Reputation: 7411
I am reading some JSON file into a data frame and I want to convert a field in it into a specific format, the JSON file has server_received_time
with the following format as String I want to convert it to be like yyyy-MM-dd:hh
"server_received_time":"2019-01-26T03:04:36Z"
but whatever I tied just returned null
df.select("server_received_time")
.withColumn("tx_date", to_date($"server_received_time", "yyy-MM-dd:hh").cast("timestamp"))
.withColumn("tx_date2", to_timestamp($"server_received_time", "yyy-MM-dd:hh").cast("timestamp"))
.withColumn("tx_date3", to_date(unix_timestamp($"server_received_time", "yyyy-MM-dd:hh").cast("timestamp")))
.withColumn("tx_date4", to_utc_timestamp(to_timestamp(col("server_received_time"), "yyyy-MM-dd:hh"), "UTC"))
.withColumn("tx_date5", to_timestamp($"server_received_time","yyyy-MM-dd:hh"))
.show(10, false)
+--------------------+-------+--------+--------+--------+--------+
|server_received_time|tx_date|tx_date2|tx_date3|tx_date4|tx_date5|
+--------------------+-------+--------+--------+--------+--------+
|2019-02-18T16:02:20Z|null |null |null |null |null |
|2019-02-18T16:02:20Z|null |null |null |null |null |
|2019-02-18T16:02:20Z|null |null |null |null |null |
|2019-02-18T16:02:20Z|null |null |null |null |null |
|2019-02-18T16:02:20Z|null |null |null |null |null |
|2019-02-18T16:02:20Z|null |null |null |null |null |
|2019-02-18T16:02:20Z|null |null |null |null |null |
|2019-02-18T16:02:20Z|null |null |null |null |null |
|2019-02-18T16:02:20Z|null |null |null |null |null |
|2019-02-18T16:02:20Z|null |null |null |null |null |
+--------------------+-------+--------+--------+--------+--------+
I want to have the server_received_time
in this format yyyy-MM-dd:hh
Upvotes: 0
Views: 3570
Reputation: 936
The format is different. This should work as below:
df.select(date_format(to_timestamp($"server_received_time", "yyyy-MM-dd'T'HH:mm:ss'Z'"), "yyyy-MM-dd:hh").as("custom_date"))
Upvotes: 1
Reputation: 46
to_
methods take actual format, not desired output format. To format you have to convert data back to string
import org.apache.spark.sql.functions._
val df = Seq("2019-02-18T16:02:20Z").toDF("server_received_time")

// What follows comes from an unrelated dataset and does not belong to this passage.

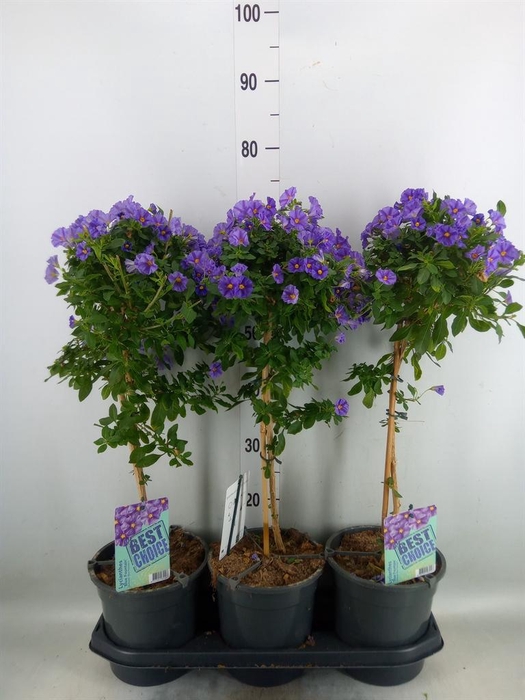 <h4>Lycianthes ran. 'Blue Fountain'</h4>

df.select(date_format(to_timestamp($"server_received_time"), "yyy-MM-dd:hh")).show
// +---------------------------------------------------------------+
// |date_format(to_timestamp(`server_received_time`), yyy-MM-dd:hh)|
// +---------------------------------------------------------------+
// | 2019-02-18:05|
// +---------------------------------------------------------------+
Upvotes: 3